▸ **EXERCISE**: Starting at the line that contains "CAVETEE Princess Crowns", write out every line to the end of the records below exactly, and leave out the pictures.

▸ **RECORDS TO USE**:
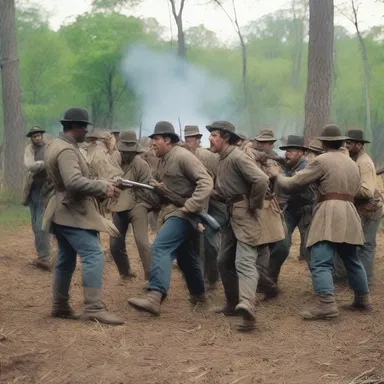 The movie depicted a fierce battle between the Yankee soldiers and the Confederate army during the Civil War.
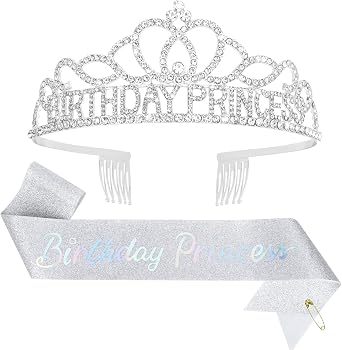 CAVETEE Princess Crowns and Sashes for Girls & Women - Birthday Party Decorations Set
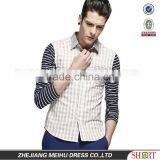 2016 Khaki Color Men Plaid Linen Shirt thumbnail-1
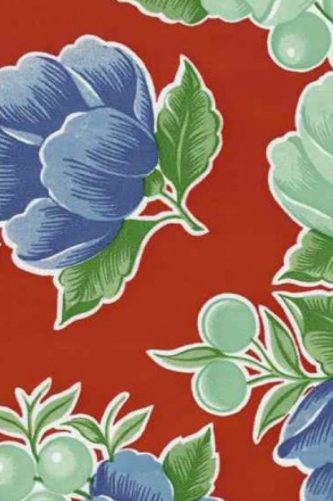 Poppies on Red Oilcloth Fabric Full Bolt - 12 Continuous Yards, 47.5" Wide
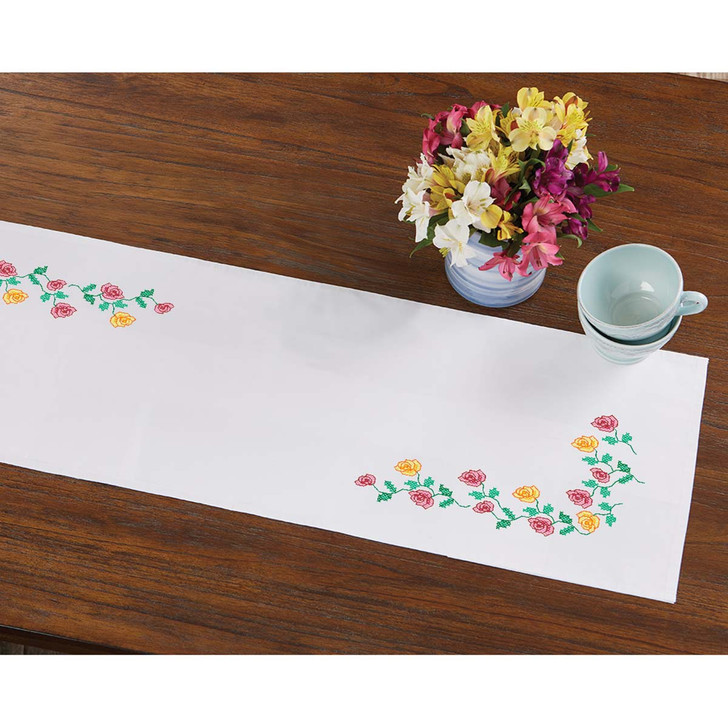 Herrschners Roses in Bloom Table Runner Stamped Cross-Stitch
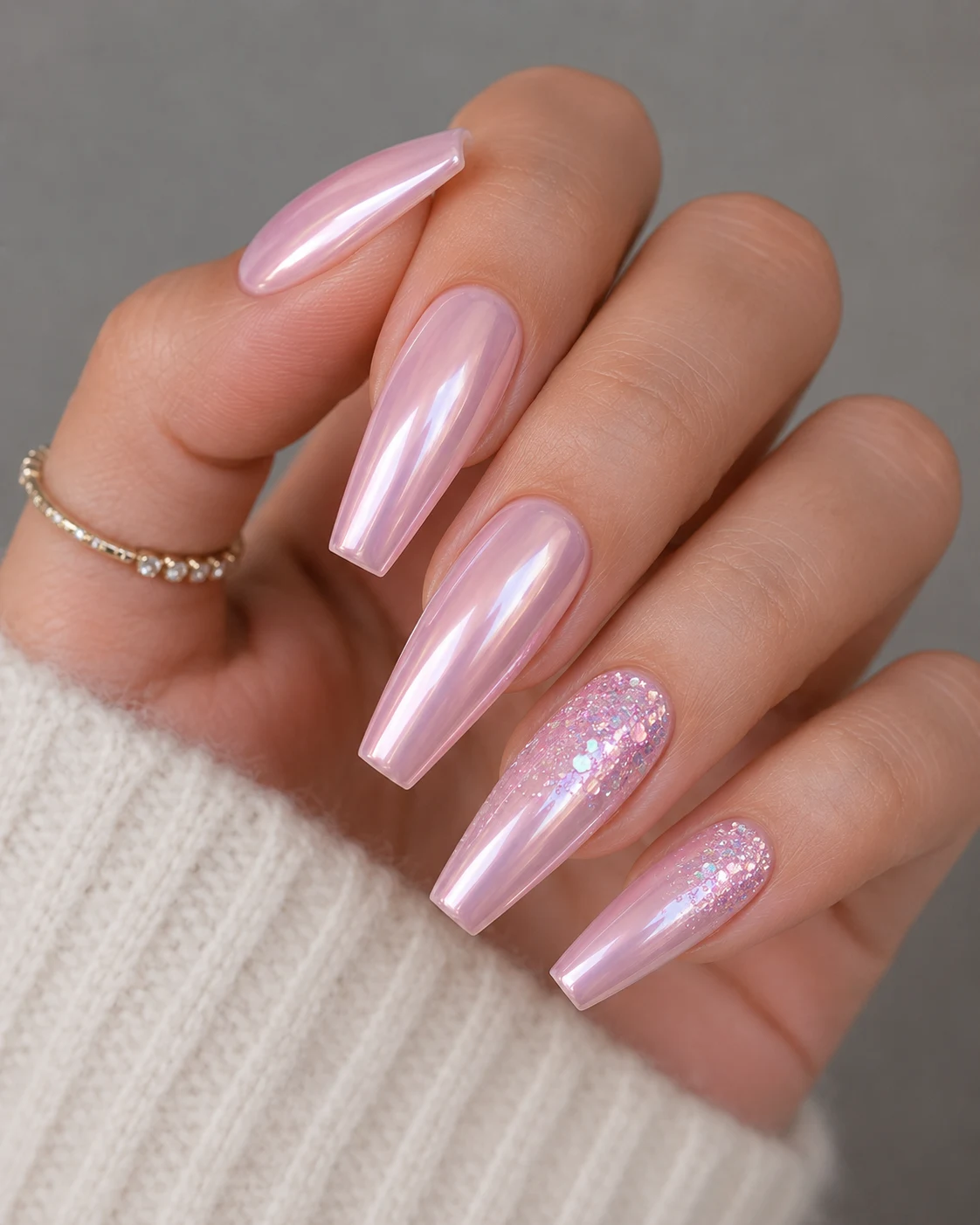Baby Pink Chrome Coffin Nails With Glitter — baby pink chrome nails style outfit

▸ **ANSWER FOR THE TASK**:
 CAVETEE Princess Crowns and Sashes for Girls & Women - Birthday Party Decorations Set
 2016 Khaki Color Men Plaid Linen Shirt thumbnail-1
 Poppies on Red Oilcloth Fabric Full Bolt - 12 Continuous Yards, 47.5" Wide
 Herrschners Roses in Bloom Table Runner Stamped Cross-Stitch
Baby Pink Chrome Coffin Nails With Glitter — baby pink chrome nails style outfit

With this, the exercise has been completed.